Transcribe, word for word, every line from the one containing "BanG Dream! Ave" through the final line of the records, and omit the pictures.
[The records Boundary: Start]
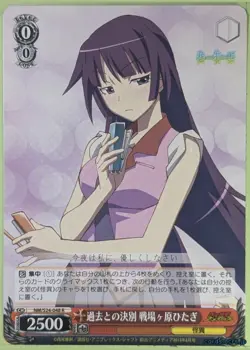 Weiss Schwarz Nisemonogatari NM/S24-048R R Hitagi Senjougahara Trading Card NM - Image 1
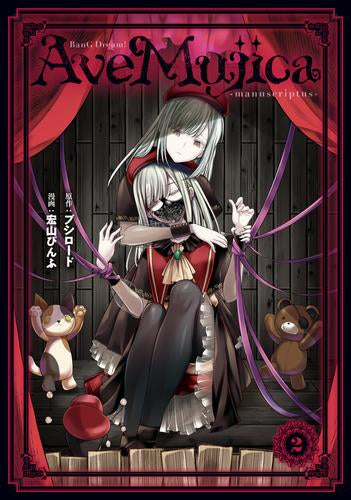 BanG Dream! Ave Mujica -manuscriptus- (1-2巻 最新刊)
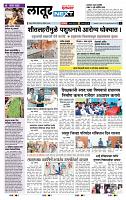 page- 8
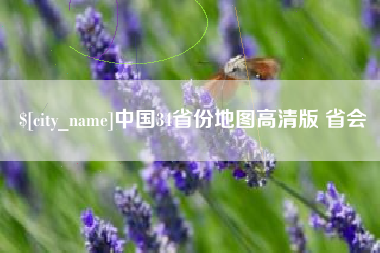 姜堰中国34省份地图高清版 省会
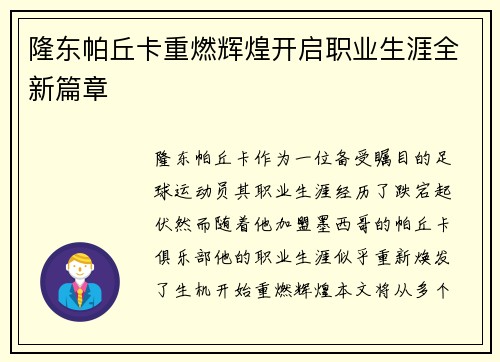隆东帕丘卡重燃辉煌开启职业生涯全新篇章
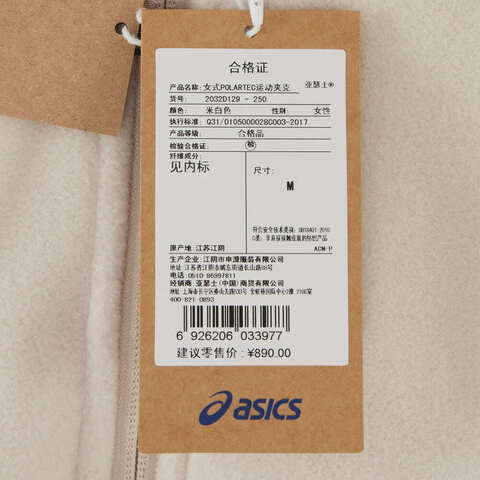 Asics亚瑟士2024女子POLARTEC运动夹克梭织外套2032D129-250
[The records Boundary: End]
◆ Output of the task
 BanG Dream! Ave Mujica -manuscriptus- (1-2巻 最新刊)
 page- 8
 姜堰中国34省份地图高清版 省会
隆东帕丘卡重燃辉煌开启职业生涯全新篇章
 Asics亚瑟士2024女子POLARTEC运动夹克梭织外套2032D129-250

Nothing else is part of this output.